In April, former MDC secretary general Tendai Biti and his allies said they were suspending Tsvangirai along with five other senior members namely MDC spokesperson Douglas Mwonzora; deputy president Thokozani Khupe; national organising secretary Nelson Chamisa; national chairman Lovemore Moyo and his deputy Morgan Komichi.
Biti’s faction claimed Tsvangirai had been suspended from the MDC because of a “remarkable failure of leadership”.
Biti’s faction claimed the MDC’s national council had voted to suspend Tsvangirai because the party had been “transformed into a fiefdom of the leader”.
A few days later Tsvangirai’s MDC responded by expelling Biti, Elton Mangoma, Samuel Sipepa-Nkomo, the interim chairperson of the group, and others. Biti was an “opportunist” who was being manipulated by Mugabe’s Zanu PF party, Tsvangirai said.
Biti and his group accused Tsvangirai of violating the party’s constitution to advance an anti-democratic agenda.
Tsvangirai dismissed the meeting that suspended him as “illegal, unconstitutional, illegitimate and bogus”.
Tsvangirai refused to be “debased” by appearing before a hearing convened by a leader of a rival faction.

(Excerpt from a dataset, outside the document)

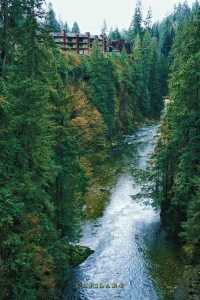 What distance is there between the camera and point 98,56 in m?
82.9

The High Court also ruled that the Mandel meeting held by the Biti group was a legal nullity.
The court ruled that the Biti faction could not implement any resolution from the meeting, which it tried to pass for the MDC’s national council meeting.
Following the fall-out, Tsvangirai said he was still keen to have the “rebels” rejoin the “big tent”.
“Any rightful thinking Zimbabwean who wants to see change in Zimbabwe must understand that by splintering, you are supporting the status quo,” Tsvangirai told the Daily News on Sunday.
“If we come together and unite, chances of achieving change are enhanced. So, there is no fundamental flaw in calling for a big tent. What is important is for people as individuals to stop these self-serving motives and to come together and talk. Little parties, it is like adding zero plus zero, but if you think seriously and say what is my purpose, if it is to see the people achieve democratic change, then you must join forces and come together” to remove Mugabe from office.
Mugabe has ruled Zimbabwe with an iron fist since independence from Britain in 1980.